GIVEN RECORDS:

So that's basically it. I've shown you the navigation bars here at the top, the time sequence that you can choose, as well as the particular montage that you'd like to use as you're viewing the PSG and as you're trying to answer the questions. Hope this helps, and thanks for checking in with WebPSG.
...
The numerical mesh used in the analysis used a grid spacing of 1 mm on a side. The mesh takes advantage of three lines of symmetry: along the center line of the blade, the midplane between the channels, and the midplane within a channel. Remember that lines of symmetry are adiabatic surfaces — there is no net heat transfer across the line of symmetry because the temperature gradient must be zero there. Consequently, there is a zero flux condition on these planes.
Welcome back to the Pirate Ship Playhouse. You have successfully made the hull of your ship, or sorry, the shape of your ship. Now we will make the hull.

ASSIGNMENT: Restate word for word the lines in the material above from the one with "The numerical mesh" to the one with "Welcome back to"; both of those lines count, and nothing else does.

EXERCISE SOLUTION:
The numerical mesh used in the analysis used a grid spacing of 1 mm on a side. The mesh takes advantage of three lines of symmetry: along the center line of the blade, the midplane between the channels, and the midplane within a channel. Remember that lines of symmetry are adiabatic surfaces — there is no net heat transfer across the line of symmetry because the temperature gradient must be zero there. Consequently, there is a zero flux condition on these planes.
Welcome back to the Pirate Ship Playhouse. You have successfully made the hull of your ship, or sorry, the shape of your ship. Now we will make the hull.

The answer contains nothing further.